Question

The equation of motion of a spring-mass system with damping (see Section 3.8) is $$ m \frac{d^{2} u}{d t^{2}}+c \frac{d u}{d t}+k u=0 $$ where \(m, c,\) and \(k\) are positive. Write this second order equation as a system of two first order equations for \(x=u, y=d u / d t .\) Show that \(x=0, y=0\) is a critical point, and analyze the nature and stability of the critical point as a function of the parameters \(m, c,\) and \(k .\) A similar analysis can be applied to the electric circuit equation (see Section 3.8) $$L \frac{d^{2} I}{d t^{2}}+R \frac{d I}{d t}+\frac{1}{C} I=0.$$

Short answer

Answer: The critical point of the given spring-mass system with damping is (x, y) = (0, 0).
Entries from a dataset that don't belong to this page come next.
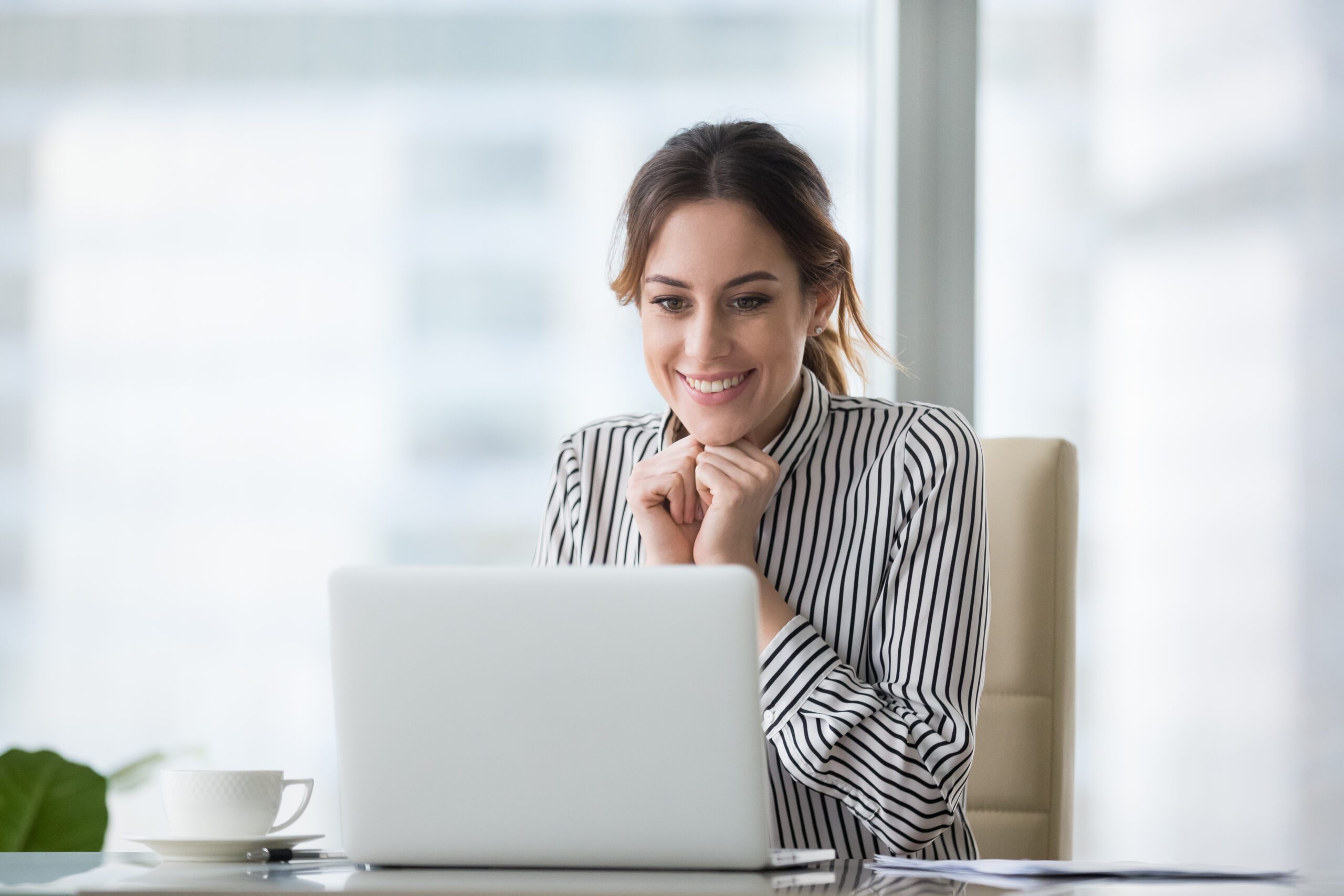 A woman smiling at her laptop.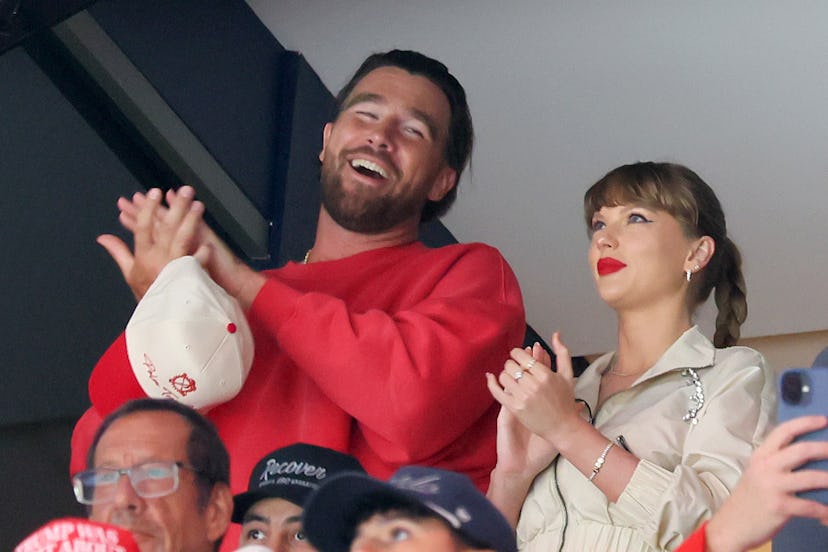 Travis Kelce, left, and Taylor Swift react as the Edmonton Oilers and the Florida Panthers play duri...
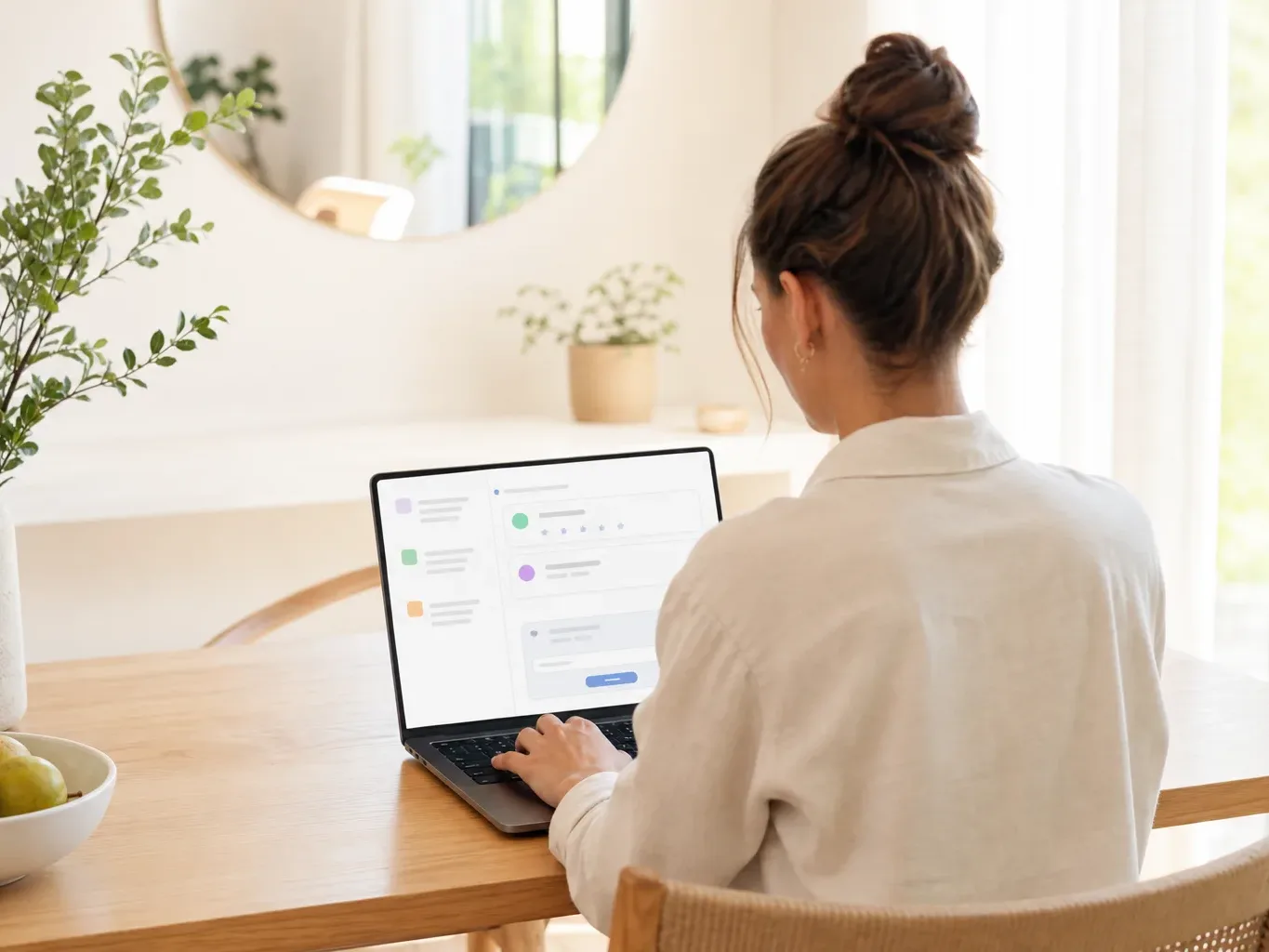 A person seen from behind sits at a wooden dining table in a bright home interior, typing on a laptop displaying a colourful abstract interface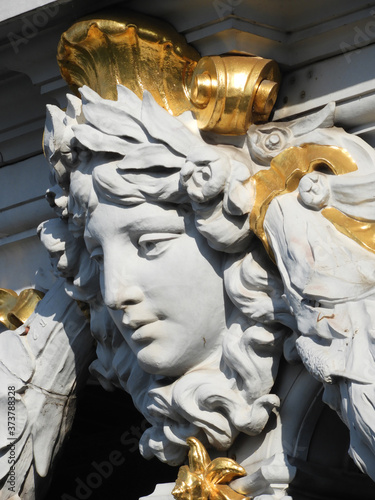 Fototapeta Naklejka Na Ścianę i Meble -  Woman face detail on Alexander III bridge over the Seine in Paris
The stability of the critical point depends on the parameters m, c, and k through their effect on the discriminant Δ.

Step-by-step solution

Writing two first-order equations

Let \(x = u\) and \(y = \frac{du}{dt}\). So, we have \(\frac{dx}{dt} = \frac{du}{dt} = y\) and \(\frac{dy}{dt} = \frac{d^2u}{dt^2}\). Now, substitute these into the given equation: $$m\frac{d^2u}{dt^2} + c\frac{du}{dt} + ku = 0 \Rightarrow m\frac{dy}{dt} + cy + kx = 0$$ The system of two first-order equations is: $$ \begin{cases} \frac{dx}{dt} = y \\ \frac{dy}{dt} = -\frac{c}{m}y - \frac{k}{m}x \end{cases} $$ #Step 2: Find the critical points#

Finding critical points

The critical point is when both \(\frac{dx}{dt} = 0\) and \(\frac{dy}{dt} = 0\). $$ \begin{cases} y = 0 \\ -\frac{c}{m}y - \frac{k}{m}x = 0 \end{cases} $$ Since \(y = 0\), the second equation becomes \(-\frac{k}{m}x = 0\). Since m and k are positive, the critical point occurs when \(x = 0\). Thus, the critical point is \((x, y) = (0, 0)\). #Step 3: Analyze the nature and stability of the critical point#

Nature and stability of the critical point

To analyze the nature and stability of the critical point, we need to examine the eigenvalues of the Jacobian matrix of the linear system. Let \(f(x, y) = y\) and \(g(x, y) = -\frac{c}{m}y - \frac{k}{m}x\). The Jacobian matrix (J) is: $$ J = \begin{bmatrix} \frac{\partial f}{\partial x} & \frac{\partial f}{\partial y} \\ \frac{\partial g}{\partial x } & \frac{\partial g}{\partial y} \end{bmatrix} = \begin{bmatrix} 0 & 1 \\ -\frac{k}{m} & -\frac{c}{m} \end{bmatrix} $$ The eigenvalues of the Jacobian matrix are the solutions of the characteristic equation: $$ \mathrm{det}(J - \lambda I) = \begin{vmatrix} -\lambda & 1 \\ -\frac{k}{m} & -\frac{c}{m} - \lambda \end{vmatrix} = 0 $$ Solving this, we get \(\lambda^2 + \frac{c}{m}\lambda + \frac{k}{m} = 0\). The nature and stability depend on the sign of the discriminant, \(\Delta = \left(\frac{c}{m}\right)^2 - 4\left(\frac{k}{m}\right)\): 1. If \(\Delta > 0\), the system has two distinct real eigenvalues, which implies that the critical point is a saddle point and is unstable. 2. If \(\Delta = 0\), the system has a repeated real eigenvalue, which implies that the critical point is a degenerate node and the nature cannot be determined from this analysis alone. 3. If \(\Delta < 0\), the system has complex conjugate eigenvalues, which implies that the critical point is a spiral point, and it is stable if the real part of the eigenvalues is negative, and unstable otherwise. The stability of the critical point \((0, 0)\) depends on the parameters m, c, and k through their effect on the discriminant \(\Delta\).